■ The input ■
|---|

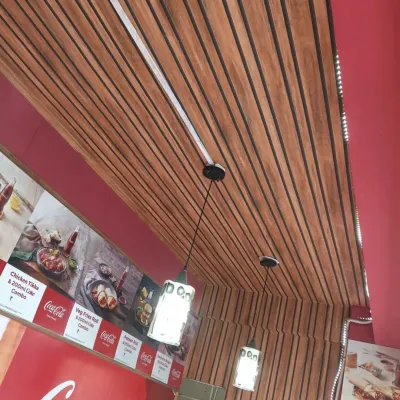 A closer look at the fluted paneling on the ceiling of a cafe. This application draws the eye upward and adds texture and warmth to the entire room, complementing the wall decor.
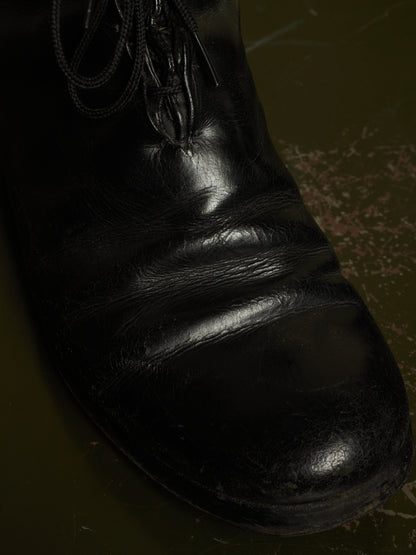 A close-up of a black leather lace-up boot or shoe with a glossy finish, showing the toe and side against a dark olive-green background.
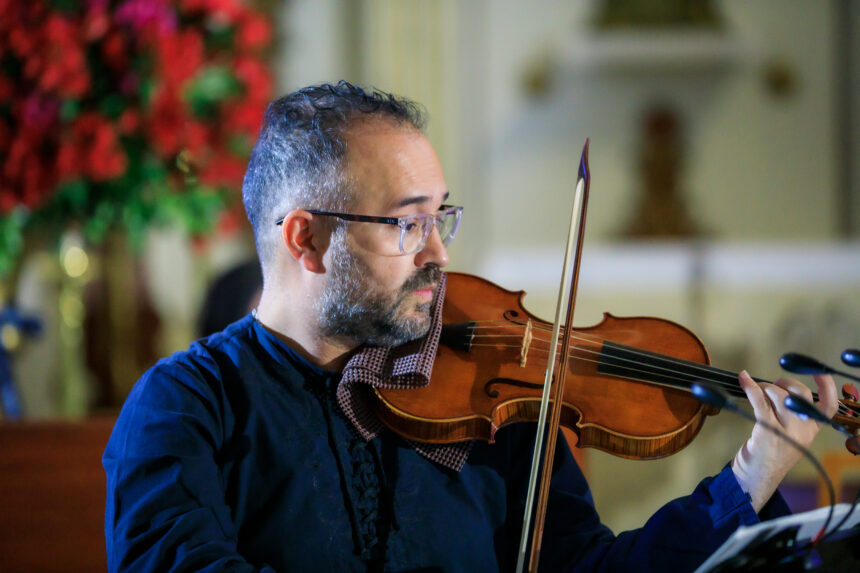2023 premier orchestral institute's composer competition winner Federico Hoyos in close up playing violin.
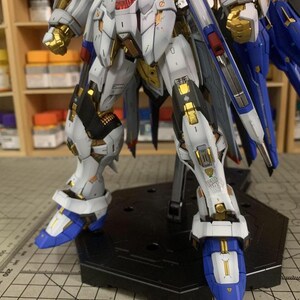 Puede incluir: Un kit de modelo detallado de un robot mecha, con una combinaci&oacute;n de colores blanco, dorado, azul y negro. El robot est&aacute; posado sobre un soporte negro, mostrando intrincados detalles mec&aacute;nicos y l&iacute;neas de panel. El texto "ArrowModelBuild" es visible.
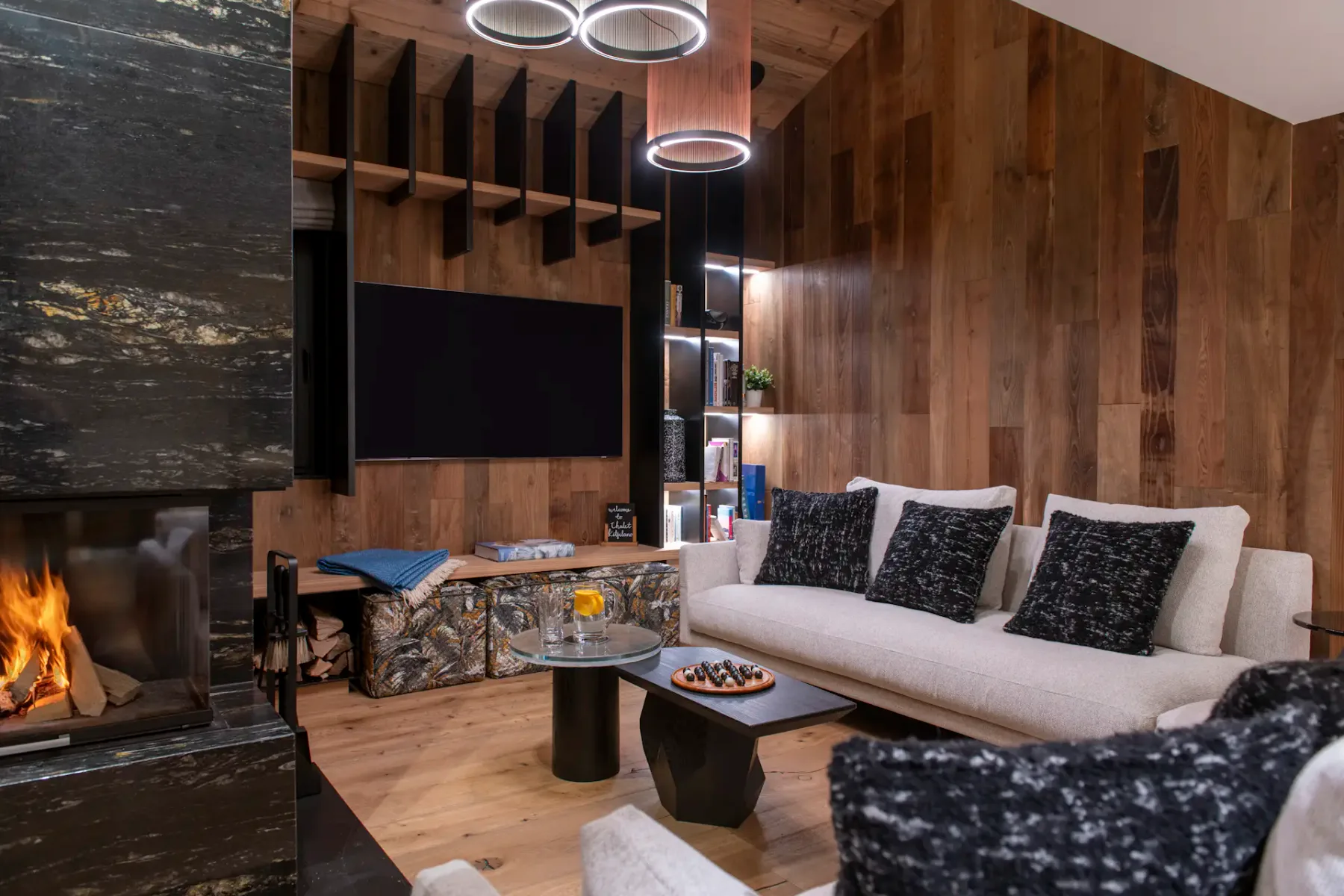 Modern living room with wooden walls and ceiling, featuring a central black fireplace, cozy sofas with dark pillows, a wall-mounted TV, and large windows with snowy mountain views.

|---|

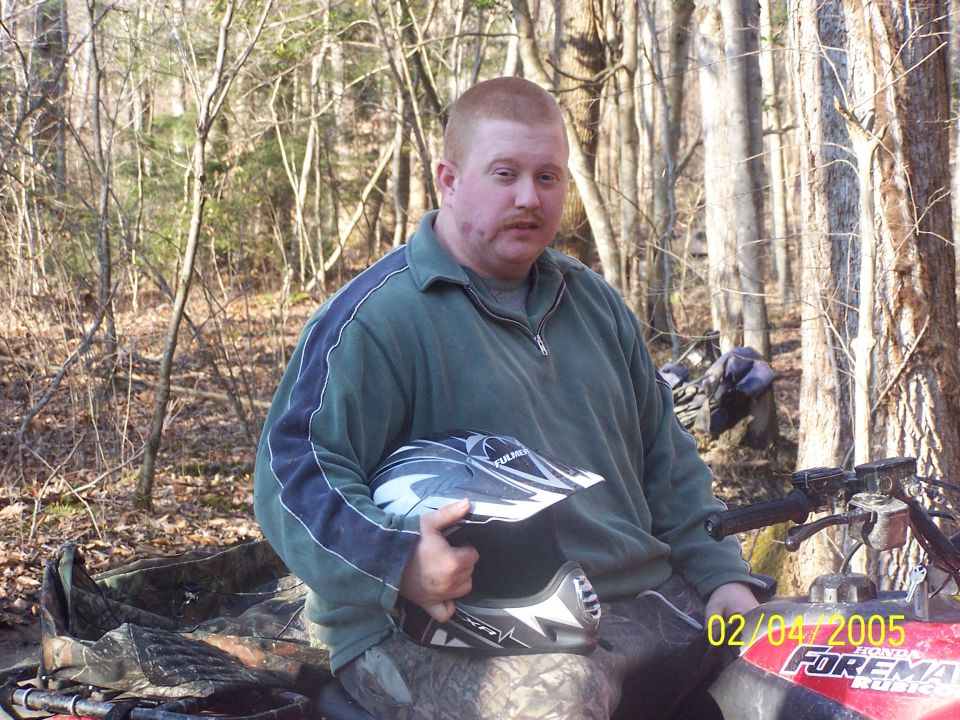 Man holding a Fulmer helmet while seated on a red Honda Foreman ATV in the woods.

|---|

The lines to set down run from the line with "A closer look" up to and including the line with "A close-up of" in the entries above. Reproduce them exactly, with no pictures.

■ Exercise result ■
 A closer look at the fluted paneling on the ceiling of a cafe. This application draws the eye upward and adds texture and warmth to the entire room, complementing the wall decor.
 A close-up of a black leather lace-up boot or shoe with a glossy finish, showing the toe and side against a dark olive-green background.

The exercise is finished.